KIEV: La France "ne baisse pas les bras" dans son soutien économique à l'Ukraine en guerre, affirme à l'AFP le ministre français délégué au Commerce extérieur Nicolas Forissier, à l'issue d'une visite de deux jours à Kiev mardi et mercredi, et alors que la France assure en 2026 la présidence du G7.

Q: La France marque des points politiquement en Ukraine en restant un soutien fort du pays. Comment transforme-t-on ces points en gains économiques ?

R: En étant opiniâtres, en étant francs dans la négociation et la discussion. Il s'agit de mettre en place des partenariats gagnant-gagnant entre entreprises françaises et ukrainiennes. C'est l'esprit dans lequel il me semble que nous avons travaillé, l'esprit de cette visite à Kiev. On réussit parce qu'on a aussi de l'excellence, des savoir-faire, des entreprises qui sont dans tous les domaines. Et parfois, même souvent, et c'est le cas en Ukraine mais pas seulement, nos partenaires préfèrent travailler avec des entreprises françaises. Il y aura toujours une concurrence quel que soit le pays. Mais il y a une relation particulière qui existe aujourd'hui entre l'Ukraine et la France.

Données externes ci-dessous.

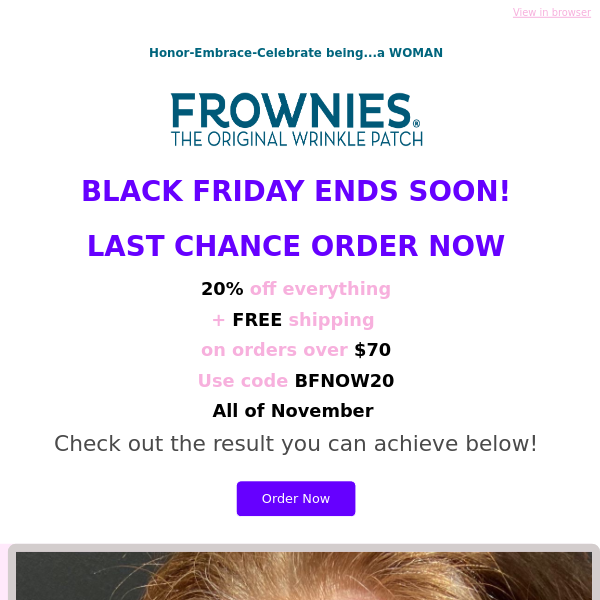 LAST CHANCE 20% FROWNIES for NOVEMBER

Q: Quelle impression vous a laissée la population ukrainienne lors de cette visite de deux jours ?

R: J'ai été très ému par la visite de Boutcha (ville où des massacres de civils ont eu lieu par l'armée russe en mars 2022, NDLR). Aussi par la remise des générateurs électriques donnés par la France à l'Ukraine. Je pense que c'était le sentiment de tous ceux qui ont participé à cette mission: c'est quand nos amis sont dans la difficulté qu'on doit être avec eux.

Q: L'Ukraine traverse un hiver froid et la communauté internationale s'intéresse moins au sort du pays. Comment attirer l'attention ?

R: D'abord, ce n'est pas le cas de la France, nous sommes vraiment présents et nous le démontrons. Dans le cadre du G7 énergie on va le montrer aussi, on va encore une fois pousser beaucoup pour apporter des solutions. Je suis venu pour inciter nos entreprises à être conquérantes, présentes, à ne pas avoir peur parce qu'il y a une situation compliquée. C'est maintenant qu'il faut être présents. C'est le message du ministre du Commerce extérieur mais aussi du gouvernement français tout entier. Cela va de pair avec la solidarité qu'on a exprimée aux Ukrainiens pendant tout ce voyage: on ne baisse pas les bras.